» **Task description**: Produce the same data once more, line for line.
____ Given information
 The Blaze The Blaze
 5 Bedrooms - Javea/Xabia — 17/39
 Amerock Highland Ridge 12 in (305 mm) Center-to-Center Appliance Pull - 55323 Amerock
________
» **Output of the exercise**:
 The Blaze The Blaze
 5 Bedrooms - Javea/Xabia — 17/39
 Amerock Highland Ridge 12 in (305 mm) Center-to-Center Appliance Pull - 55323 Amerock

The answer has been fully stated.